Hong Kong/20 anos: Fosso entre ricos e pobres atinge nível histórico em quase meio século
Quem sobrevive com magros subsídios e sem pensão de reforma tem poucos motivos para celebrar.
O coeficiente de Gini -- indicador utilizado para medir o índice de desigualdade -- subiu para o valor mais elevado em 46 anos, fixado em 0.539, numa escala de zero a um, em que o zero representa a igualdade.
Os dados referentes a 2016 - divulgados este mês - indicam que 10% das famílias mais ricas, com uma mediana salarial na ordem dos 112.450 dólares de Hong Kong (12.882 euros), ganhavam 44 vezes mais do que 10% dos mais pobres, com 2.560 dólares de Hong Kong (293 euros).
O governo atribuiu a disparidade crescente ao aumento de pequenos agregados familiares e ao impacto adverso do envelhecimento da população, cujo número de idosos -- fixado em 1,16 milhões -- aumentou 2,6% em cinco anos, correspondendo a 15,9% da população total.
Com 7,3 milhões de habitantes, o centro financeiro que se mantém na liderança das economias mais livres do mundo esconde por detrás dos arranha-céus uma elevada desigualdade, e graves problemas de habitação, cujos preços superam largamente os vencimentos. O salário mínimo na antiga colónia britânica é de 34,5 dólares de Hong Kong (3,88 euros) por hora.
Segundo o mais recente relatório sobre a pobreza (Hong Kong Poverty Rate Report 2015), a metrópole asiática reduziu o número de pobres de 1,34 milhões (ou 570 mil agregados) para cerca de 970 mil pessoas (ou 390 mil famílias).
A taxa de pobreza baixou de 19,7% para 14,3%, mas as carências dos mais necessitados continuam expostas até nas zonas mais ricas da cidade, onde é possível ver idosos a recolher cartão das lojas para reforçarem o magro orçamento mensal e muitos à procura de alimentos nos caixotes do lixo.
O governo tem mais do que um apoio para a terceira idade, mas nenhuma pensão de reforma universal.
A única verba que chega a todos com idade igual ou superior a 70 anos é de 1.325 dólares de Hong Kong (150 euros). Os restantes são calculados com base no património dos candidatos, podendo ir até 3,435 dólares de Hong Kong (389,6 euros) por mês, segundo os aumentos que entraram em vigor este ano.
O Hong Kong Council of Social Service, que "há mais de 20 anos" luta por uma pensão de reforma universal, propôs uma reforma mensal de 3.500 dólares de Hong Kong (392 euros) para os residentes com idade igual ou superior a 65 anos, disse à agência Lusa Anthony Wong, da direção do organismo.
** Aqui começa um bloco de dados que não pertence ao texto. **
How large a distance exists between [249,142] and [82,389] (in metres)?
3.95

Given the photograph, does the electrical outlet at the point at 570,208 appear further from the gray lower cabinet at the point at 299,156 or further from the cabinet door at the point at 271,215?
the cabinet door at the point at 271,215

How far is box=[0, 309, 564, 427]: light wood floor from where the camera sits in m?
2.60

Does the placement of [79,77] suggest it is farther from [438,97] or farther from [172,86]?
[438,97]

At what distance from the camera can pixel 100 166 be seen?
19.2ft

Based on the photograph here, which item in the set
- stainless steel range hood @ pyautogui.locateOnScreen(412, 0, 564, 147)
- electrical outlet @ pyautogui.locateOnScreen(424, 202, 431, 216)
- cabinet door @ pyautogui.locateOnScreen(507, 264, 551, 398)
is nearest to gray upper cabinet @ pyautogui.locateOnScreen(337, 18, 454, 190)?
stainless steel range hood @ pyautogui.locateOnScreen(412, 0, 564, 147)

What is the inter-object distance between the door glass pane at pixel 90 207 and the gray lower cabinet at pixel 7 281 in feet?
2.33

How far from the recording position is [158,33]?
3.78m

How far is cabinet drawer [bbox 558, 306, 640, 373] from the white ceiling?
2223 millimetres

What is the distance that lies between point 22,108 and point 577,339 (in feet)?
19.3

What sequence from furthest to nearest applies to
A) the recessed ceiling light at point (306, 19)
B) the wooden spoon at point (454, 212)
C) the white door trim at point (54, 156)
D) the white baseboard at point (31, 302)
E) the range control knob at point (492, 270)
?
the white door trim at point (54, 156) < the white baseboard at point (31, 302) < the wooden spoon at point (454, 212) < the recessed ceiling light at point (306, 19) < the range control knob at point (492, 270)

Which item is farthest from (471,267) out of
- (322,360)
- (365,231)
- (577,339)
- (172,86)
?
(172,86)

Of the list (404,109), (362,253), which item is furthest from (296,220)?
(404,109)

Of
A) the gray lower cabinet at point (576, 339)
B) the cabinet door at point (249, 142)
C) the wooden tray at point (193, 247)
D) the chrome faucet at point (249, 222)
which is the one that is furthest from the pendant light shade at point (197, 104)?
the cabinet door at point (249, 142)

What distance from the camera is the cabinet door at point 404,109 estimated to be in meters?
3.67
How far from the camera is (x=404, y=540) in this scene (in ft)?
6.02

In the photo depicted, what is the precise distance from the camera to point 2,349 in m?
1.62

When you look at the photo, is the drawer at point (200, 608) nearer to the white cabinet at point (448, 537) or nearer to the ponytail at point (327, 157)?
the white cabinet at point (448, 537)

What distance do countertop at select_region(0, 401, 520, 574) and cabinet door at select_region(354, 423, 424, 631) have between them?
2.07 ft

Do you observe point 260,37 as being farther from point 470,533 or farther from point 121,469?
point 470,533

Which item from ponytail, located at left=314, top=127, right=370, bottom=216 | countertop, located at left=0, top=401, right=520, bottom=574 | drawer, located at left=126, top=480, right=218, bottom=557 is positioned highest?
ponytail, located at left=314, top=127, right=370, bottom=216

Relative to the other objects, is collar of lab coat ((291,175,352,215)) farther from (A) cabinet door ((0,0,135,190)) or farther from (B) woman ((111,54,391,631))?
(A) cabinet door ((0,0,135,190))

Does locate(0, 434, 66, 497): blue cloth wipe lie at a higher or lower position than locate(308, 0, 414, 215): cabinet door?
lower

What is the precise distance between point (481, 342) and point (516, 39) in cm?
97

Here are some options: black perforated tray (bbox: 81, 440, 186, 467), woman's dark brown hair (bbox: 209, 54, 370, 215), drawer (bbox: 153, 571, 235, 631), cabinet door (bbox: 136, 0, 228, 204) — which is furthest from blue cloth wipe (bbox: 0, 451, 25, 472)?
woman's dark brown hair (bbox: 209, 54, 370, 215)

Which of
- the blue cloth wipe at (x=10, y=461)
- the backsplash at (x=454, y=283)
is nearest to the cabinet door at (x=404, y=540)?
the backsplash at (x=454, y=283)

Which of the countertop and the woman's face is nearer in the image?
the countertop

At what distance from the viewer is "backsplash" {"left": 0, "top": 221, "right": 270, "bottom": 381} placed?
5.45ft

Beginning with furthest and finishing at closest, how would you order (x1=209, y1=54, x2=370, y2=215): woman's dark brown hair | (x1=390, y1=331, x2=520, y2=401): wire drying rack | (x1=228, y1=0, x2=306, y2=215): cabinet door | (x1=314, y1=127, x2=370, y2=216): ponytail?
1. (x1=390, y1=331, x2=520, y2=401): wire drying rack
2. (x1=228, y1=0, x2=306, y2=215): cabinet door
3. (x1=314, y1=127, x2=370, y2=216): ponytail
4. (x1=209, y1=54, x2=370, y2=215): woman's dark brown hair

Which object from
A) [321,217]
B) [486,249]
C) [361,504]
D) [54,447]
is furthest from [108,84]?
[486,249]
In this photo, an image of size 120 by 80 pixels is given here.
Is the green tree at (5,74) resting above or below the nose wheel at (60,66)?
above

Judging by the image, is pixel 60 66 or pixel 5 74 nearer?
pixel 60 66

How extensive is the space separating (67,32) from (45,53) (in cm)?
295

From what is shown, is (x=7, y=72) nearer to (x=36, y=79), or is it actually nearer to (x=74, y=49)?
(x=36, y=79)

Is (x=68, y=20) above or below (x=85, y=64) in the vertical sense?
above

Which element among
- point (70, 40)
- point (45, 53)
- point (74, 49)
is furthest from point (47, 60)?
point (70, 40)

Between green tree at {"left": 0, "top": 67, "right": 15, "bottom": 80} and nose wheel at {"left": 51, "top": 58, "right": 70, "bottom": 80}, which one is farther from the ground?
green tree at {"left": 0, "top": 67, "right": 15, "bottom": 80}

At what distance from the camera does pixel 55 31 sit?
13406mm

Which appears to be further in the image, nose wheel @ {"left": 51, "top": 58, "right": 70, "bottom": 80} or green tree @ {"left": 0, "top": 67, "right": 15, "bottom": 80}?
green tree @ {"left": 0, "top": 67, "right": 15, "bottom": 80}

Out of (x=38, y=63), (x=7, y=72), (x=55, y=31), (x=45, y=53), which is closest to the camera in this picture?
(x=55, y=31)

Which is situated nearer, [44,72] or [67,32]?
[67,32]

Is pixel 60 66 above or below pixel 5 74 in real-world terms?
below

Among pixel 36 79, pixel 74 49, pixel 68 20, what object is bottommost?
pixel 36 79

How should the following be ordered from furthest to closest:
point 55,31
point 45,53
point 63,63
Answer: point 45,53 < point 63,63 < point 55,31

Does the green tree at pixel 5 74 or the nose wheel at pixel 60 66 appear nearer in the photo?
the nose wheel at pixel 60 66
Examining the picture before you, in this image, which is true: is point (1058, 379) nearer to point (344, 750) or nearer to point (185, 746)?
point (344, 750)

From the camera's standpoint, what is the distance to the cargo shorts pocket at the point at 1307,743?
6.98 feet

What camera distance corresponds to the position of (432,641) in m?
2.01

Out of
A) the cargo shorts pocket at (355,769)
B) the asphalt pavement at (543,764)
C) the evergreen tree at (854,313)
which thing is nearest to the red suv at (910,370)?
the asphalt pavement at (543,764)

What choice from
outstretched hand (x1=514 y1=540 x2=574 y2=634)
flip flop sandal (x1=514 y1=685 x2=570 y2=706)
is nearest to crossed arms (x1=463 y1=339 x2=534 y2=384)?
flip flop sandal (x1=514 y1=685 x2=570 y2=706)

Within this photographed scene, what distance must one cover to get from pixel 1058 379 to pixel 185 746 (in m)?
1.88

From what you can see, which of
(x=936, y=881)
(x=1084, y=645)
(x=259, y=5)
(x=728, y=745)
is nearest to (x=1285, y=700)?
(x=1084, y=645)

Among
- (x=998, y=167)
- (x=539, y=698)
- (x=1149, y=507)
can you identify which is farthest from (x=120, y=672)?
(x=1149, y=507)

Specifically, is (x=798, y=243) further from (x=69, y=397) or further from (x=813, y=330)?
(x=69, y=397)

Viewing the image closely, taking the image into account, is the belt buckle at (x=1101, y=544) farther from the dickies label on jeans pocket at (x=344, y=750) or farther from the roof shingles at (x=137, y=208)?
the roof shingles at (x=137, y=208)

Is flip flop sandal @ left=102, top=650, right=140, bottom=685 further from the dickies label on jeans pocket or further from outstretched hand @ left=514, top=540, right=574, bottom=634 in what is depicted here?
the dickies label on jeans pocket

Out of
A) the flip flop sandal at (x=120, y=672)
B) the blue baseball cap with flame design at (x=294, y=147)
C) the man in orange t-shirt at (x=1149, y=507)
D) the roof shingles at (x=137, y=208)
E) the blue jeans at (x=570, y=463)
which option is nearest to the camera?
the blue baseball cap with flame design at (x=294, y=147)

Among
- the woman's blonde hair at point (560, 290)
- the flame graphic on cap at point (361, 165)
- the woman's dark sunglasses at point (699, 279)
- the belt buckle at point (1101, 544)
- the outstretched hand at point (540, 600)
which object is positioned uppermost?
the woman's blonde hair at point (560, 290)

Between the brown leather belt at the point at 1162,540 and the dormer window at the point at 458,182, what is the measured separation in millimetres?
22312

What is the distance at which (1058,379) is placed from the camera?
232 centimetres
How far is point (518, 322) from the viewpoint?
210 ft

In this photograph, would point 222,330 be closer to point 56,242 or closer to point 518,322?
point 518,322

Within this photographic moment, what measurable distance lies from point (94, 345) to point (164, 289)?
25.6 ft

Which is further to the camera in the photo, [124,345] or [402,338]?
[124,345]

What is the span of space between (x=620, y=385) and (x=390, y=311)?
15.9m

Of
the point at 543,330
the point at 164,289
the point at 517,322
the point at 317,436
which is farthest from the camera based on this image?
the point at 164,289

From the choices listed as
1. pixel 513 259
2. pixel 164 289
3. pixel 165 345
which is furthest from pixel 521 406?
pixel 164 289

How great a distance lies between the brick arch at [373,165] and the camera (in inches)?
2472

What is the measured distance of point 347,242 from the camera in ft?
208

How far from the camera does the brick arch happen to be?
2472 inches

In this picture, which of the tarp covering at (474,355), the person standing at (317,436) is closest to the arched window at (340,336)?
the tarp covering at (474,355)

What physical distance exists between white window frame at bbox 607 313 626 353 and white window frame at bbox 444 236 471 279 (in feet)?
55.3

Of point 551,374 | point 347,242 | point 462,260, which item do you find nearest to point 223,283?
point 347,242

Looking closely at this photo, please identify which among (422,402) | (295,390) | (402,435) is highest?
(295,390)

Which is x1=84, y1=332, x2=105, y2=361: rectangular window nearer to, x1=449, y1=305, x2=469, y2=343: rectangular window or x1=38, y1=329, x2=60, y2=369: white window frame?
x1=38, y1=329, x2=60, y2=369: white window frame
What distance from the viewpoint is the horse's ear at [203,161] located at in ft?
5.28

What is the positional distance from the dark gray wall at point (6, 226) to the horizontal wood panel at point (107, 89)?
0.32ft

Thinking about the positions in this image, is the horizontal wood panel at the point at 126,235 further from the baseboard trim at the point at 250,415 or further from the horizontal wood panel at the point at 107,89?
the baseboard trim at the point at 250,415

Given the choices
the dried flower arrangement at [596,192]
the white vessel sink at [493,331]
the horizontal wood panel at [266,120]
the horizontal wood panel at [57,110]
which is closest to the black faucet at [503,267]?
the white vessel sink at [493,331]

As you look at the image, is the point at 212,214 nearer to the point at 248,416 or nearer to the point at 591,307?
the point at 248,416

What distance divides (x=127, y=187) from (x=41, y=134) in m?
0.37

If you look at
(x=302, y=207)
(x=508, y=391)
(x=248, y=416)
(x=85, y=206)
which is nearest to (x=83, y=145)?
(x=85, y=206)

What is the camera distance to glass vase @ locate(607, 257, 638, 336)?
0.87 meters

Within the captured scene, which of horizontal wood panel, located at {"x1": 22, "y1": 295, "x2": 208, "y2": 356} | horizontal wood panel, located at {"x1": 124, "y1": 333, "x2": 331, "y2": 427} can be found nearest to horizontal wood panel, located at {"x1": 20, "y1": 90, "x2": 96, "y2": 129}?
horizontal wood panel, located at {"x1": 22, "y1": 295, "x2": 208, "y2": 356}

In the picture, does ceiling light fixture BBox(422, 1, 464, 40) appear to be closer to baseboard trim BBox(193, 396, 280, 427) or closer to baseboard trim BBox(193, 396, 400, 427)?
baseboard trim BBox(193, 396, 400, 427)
Depois de várias discussões e consultas no ano passado, o plano acabou rejeitado.
"Eles citam sempre os exemplos da Europa ocidental para passarem a mensagem de que [o plano de pensões de reforma] é incomportável", disse.
"Mas para nós é realista porque temos uma população a envelhecer e muitas pessoas têm doenças crónicas. Muitos, mesmo na classe média, podem vir a sofrer uma grande doença que os vai fazer gastar todo o dinheiro e bens que acumularam ao longo da vida. E se gastam todo o dinheiro e de repente ficam pobres, o que é que podem fazer?", questionou.
"Com um plano de reforma, mesmo que fiquem muito pobres, pelo menos teriam uma pensão de reforma", justificou.
O Hong Kong Council of Social Service mantém o objetivo em cima da mesa, mas tem dúvidas em relação à concretização do plano de pensões de reforma no próximo mandato.
"Vamos continuar a lutar por isto, mas a questão é que a chefe do Executivo eleita [Carrie Lam] foi quem recusou avançar com a ideia, por isso não sei, mas vamos ver", disse Anthony Wong.
"Temos uma população envelhecida. (...) Atualmente, uma em cada cinco pessoas é idosa, mas daqui a 20 anos será uma em cada três. Por isso, se cerca de 30% [da população] tiver pelo menos 65 anos, é de esperar que nas próximas duas décadas haja muito mais pessoas na pobreza", afirmou.
Em maio, o número de casos de Assistência Integral à Segurança Social (CSSA, na sigla em inglês) era de 236.259, num total de 345.666 pessoas, segundo dados oficiais. Os idosos a receber apoios totalizavam 144.906 casos.